About this exercise: Print the lines of the entries below from the one with "Jack & Luna" through the final line, exactly as they appear. The pictures are not part of the copy.

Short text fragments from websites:

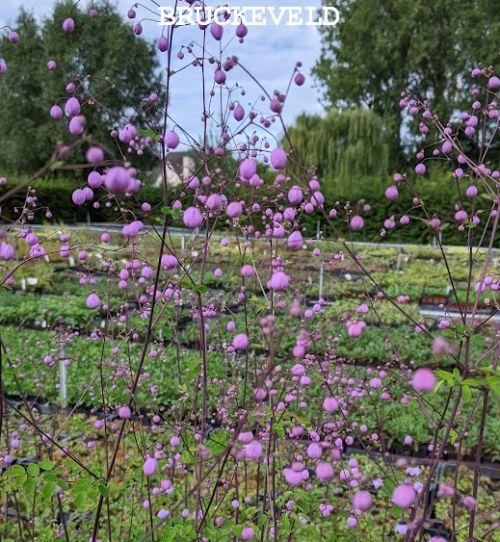Thalictrum delavayi SPLENDIDE  ®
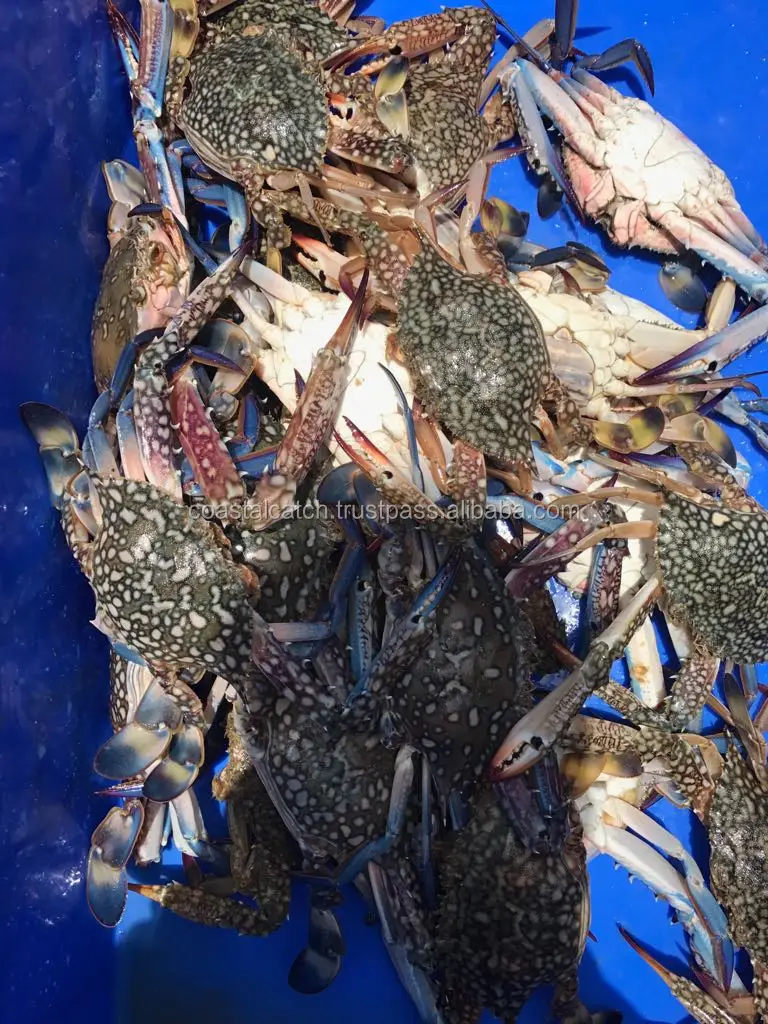 blue swimming crab 2.jpg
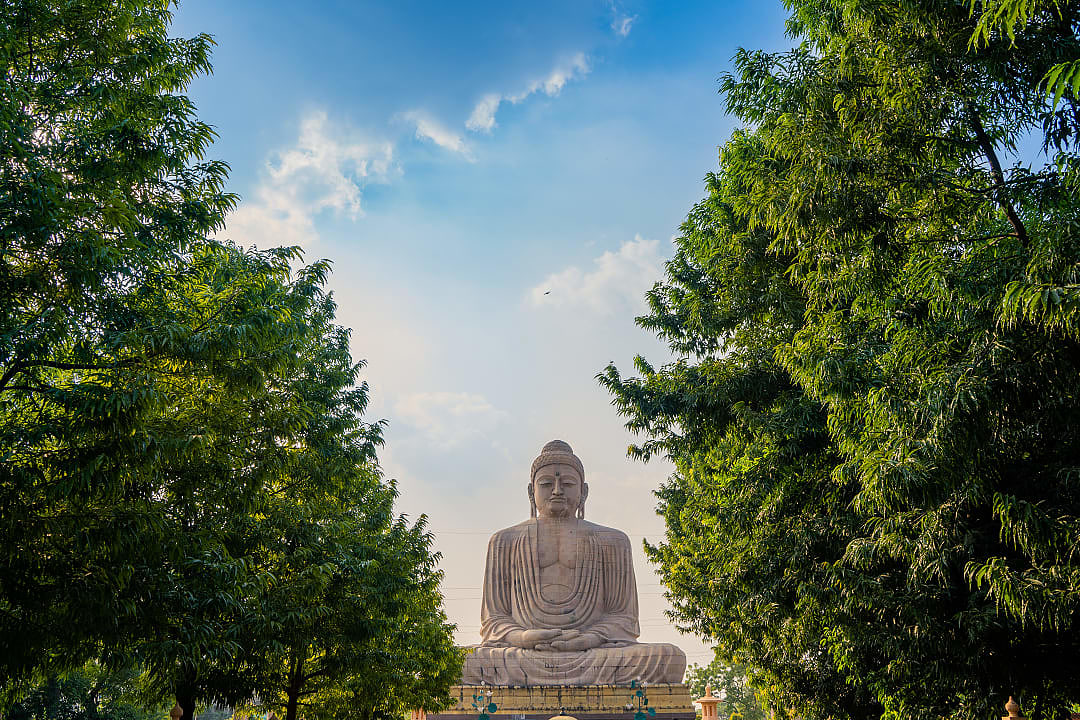 Massive seated Buddha statue surrounded by trees under peaceful sky.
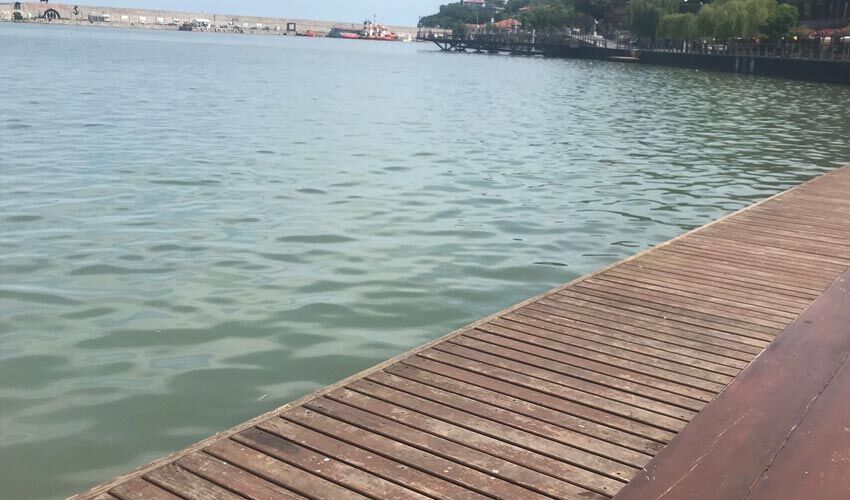 zonguldak-limn-1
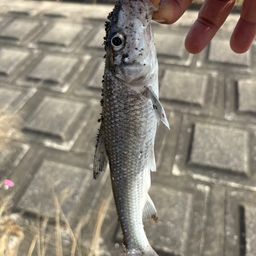 ニゴイ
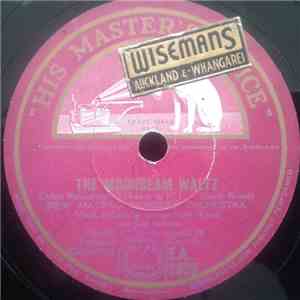 The New Mayfair Orchestra - The Moonbeam Waltz / Song Without Words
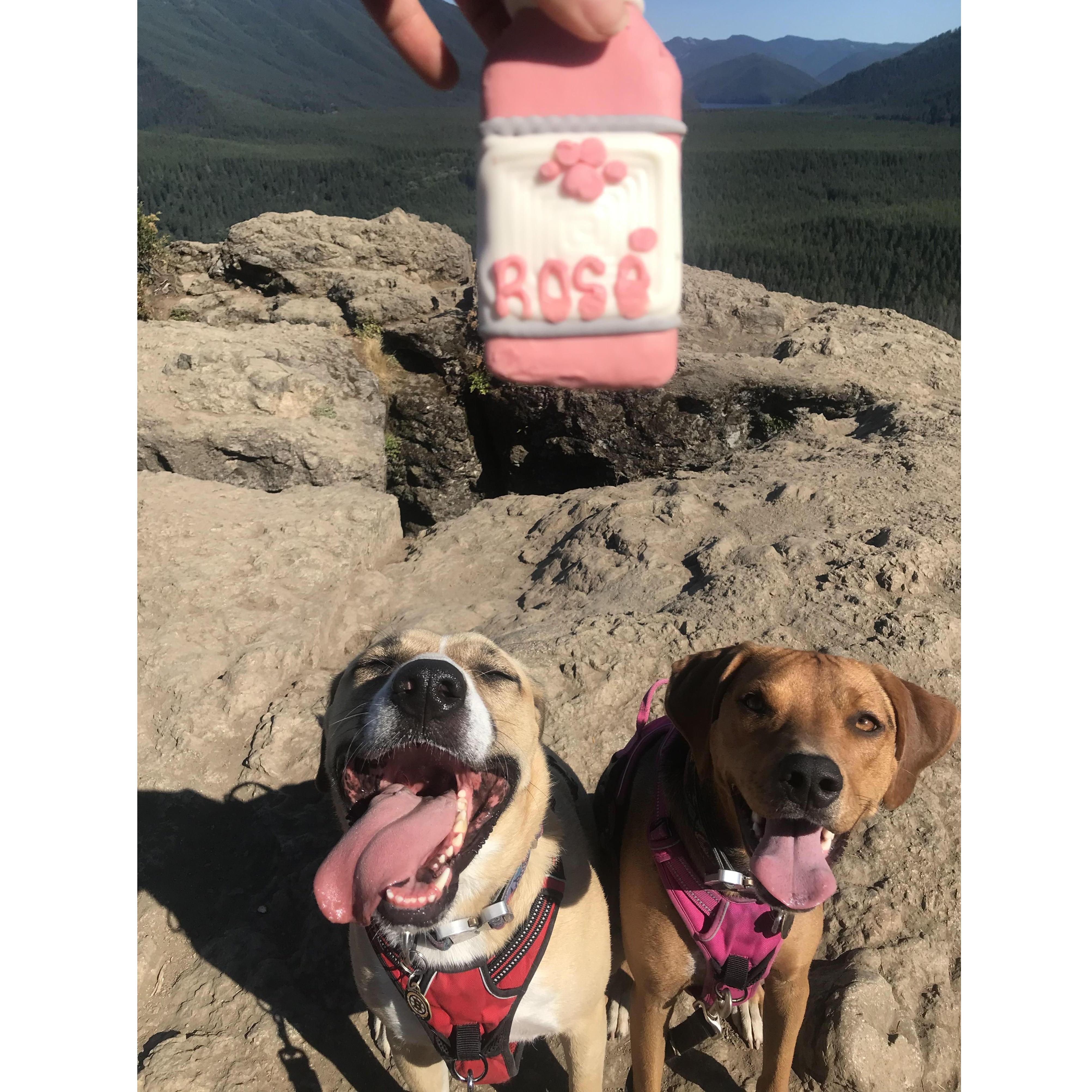 Jack & Luna take on Rattlesnake Ledge Trail in North Bend, WA - rewarded with Rose puppy treats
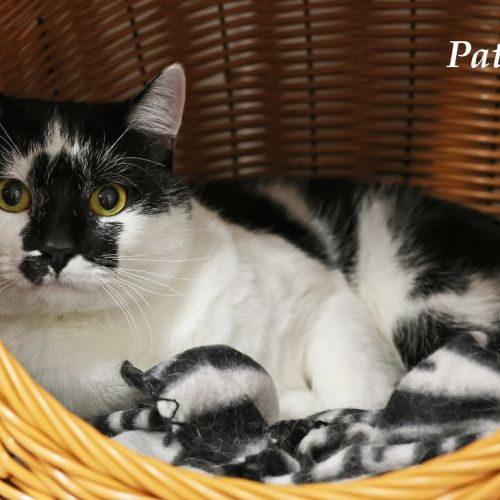 Patch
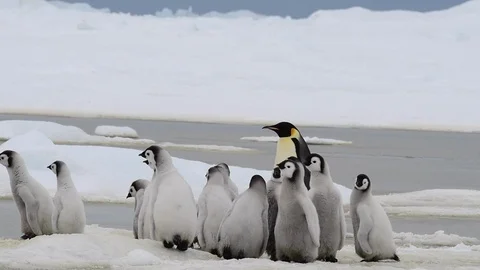 Emperor Penguin with chicks in Antarctica Stock Footage 100978830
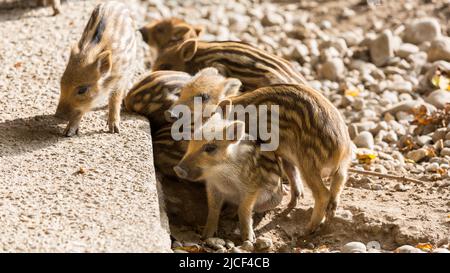 Ein Haufen Wildschwein Ferkel. Mit charakteristischen Streifen im Fell. Stockfoto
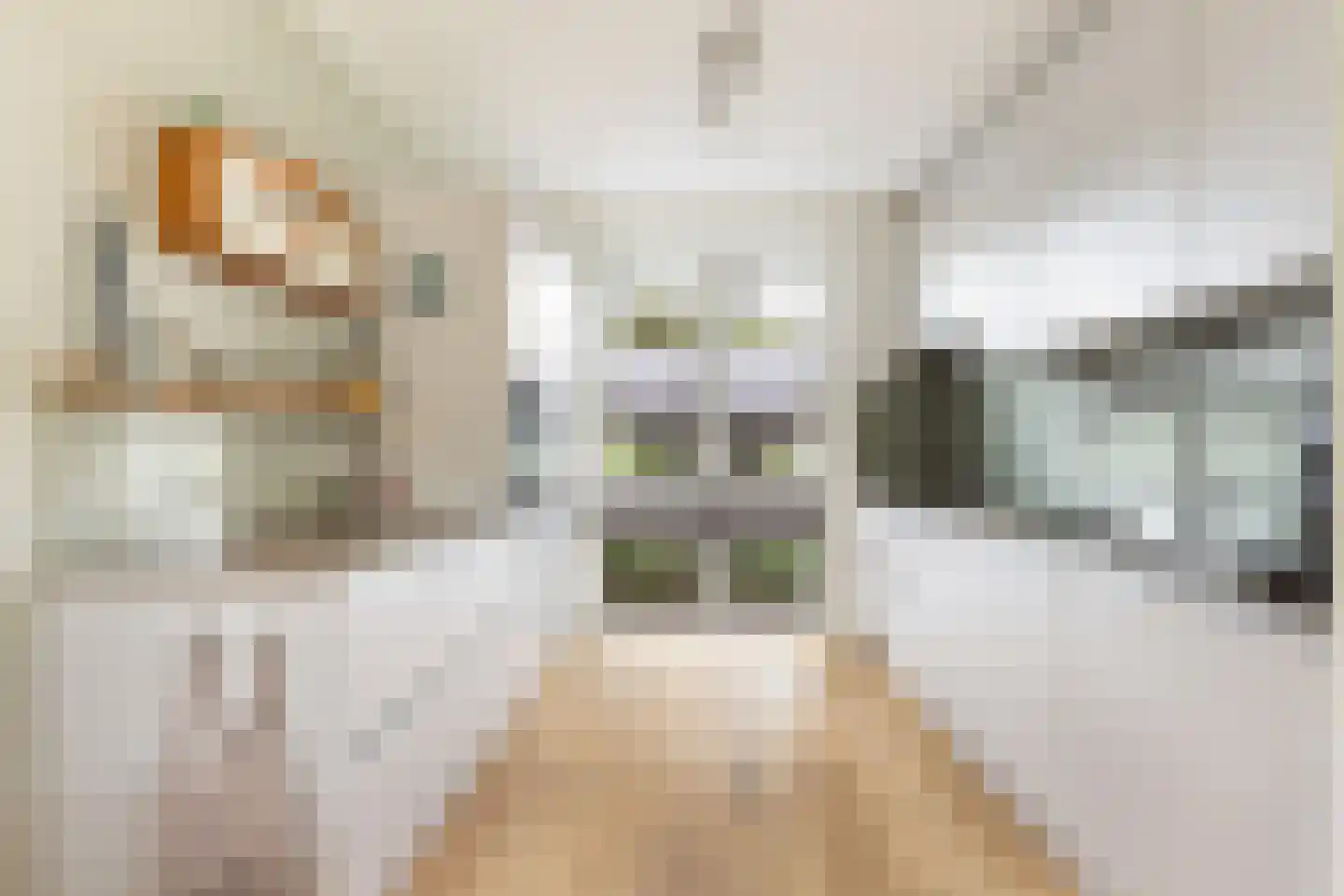 Etienne de Pinedaweg 6 Austerlitz thumbnail 4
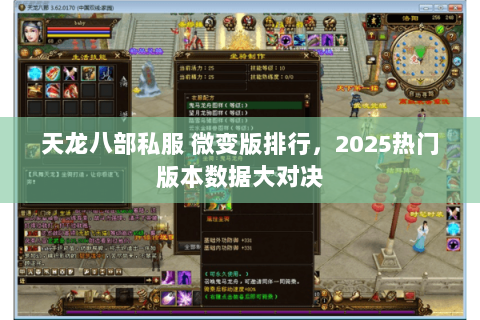 天龙八部私服 微变版排行，2025热门版本数据大对决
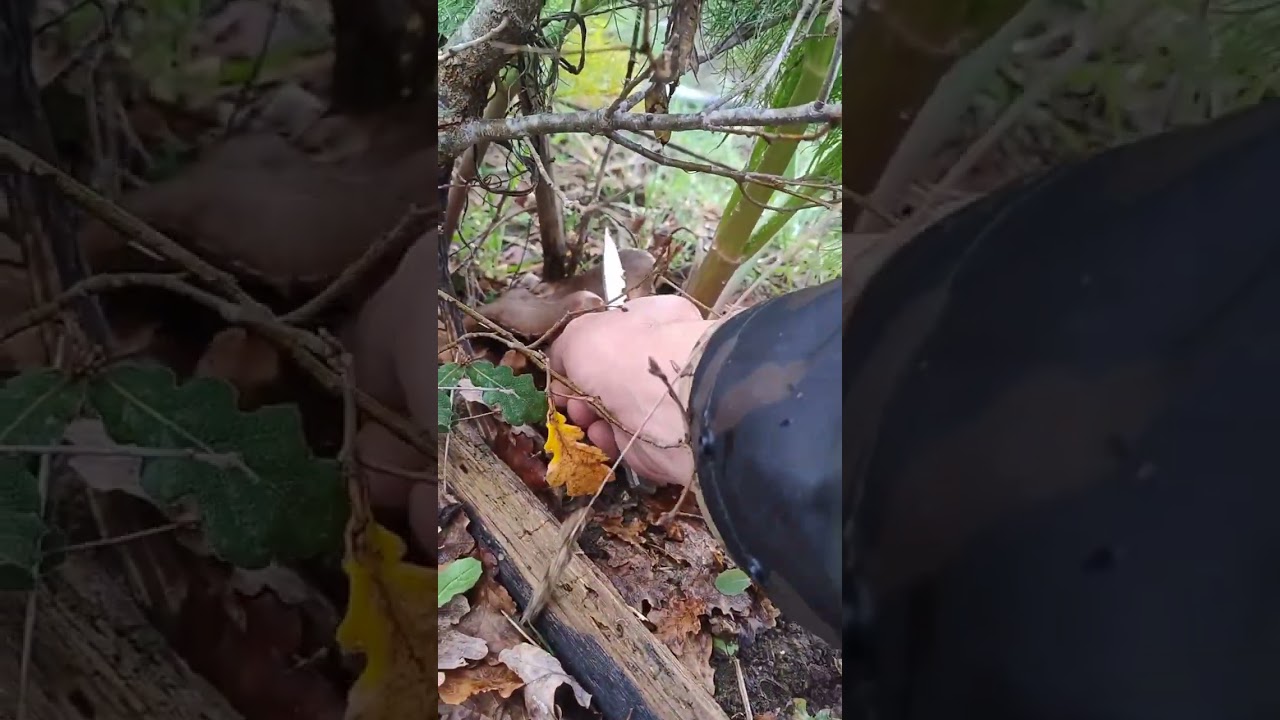 14 febbraio 2026 funghi ferlenghi dopo la tempesta #bosco #ferlenghi #ferula #passeggiate 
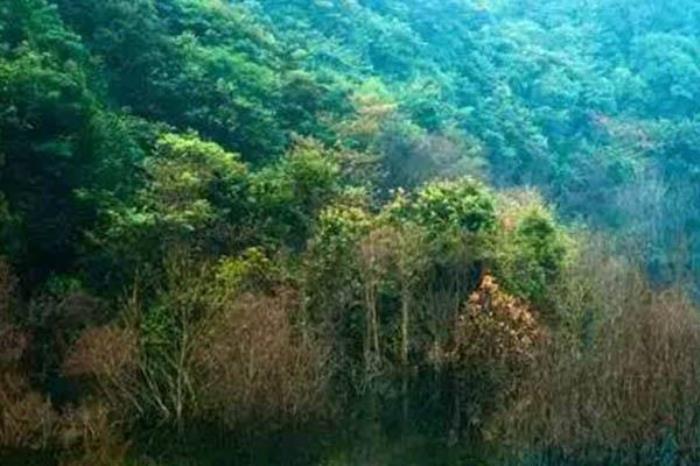 九連山國家自然保護(hù)區(qū)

Written answer:
 Jack & Luna take on Rattlesnake Ledge Trail in North Bend, WA - rewarded with Rose puppy treats
 Patch
 Emperor Penguin with chicks in Antarctica Stock Footage 100978830
 Ein Haufen Wildschwein Ferkel. Mit charakteristischen Streifen im Fell. Stockfoto
 Etienne de Pinedaweg 6 Austerlitz thumbnail 4
 天龙八部私服 微变版排行，2025热门版本数据大对决
 14 febbraio 2026 funghi ferlenghi dopo la tempesta #bosco #ferlenghi #ferula #passeggiate 
 九連山國家自然保護(hù)區(qū)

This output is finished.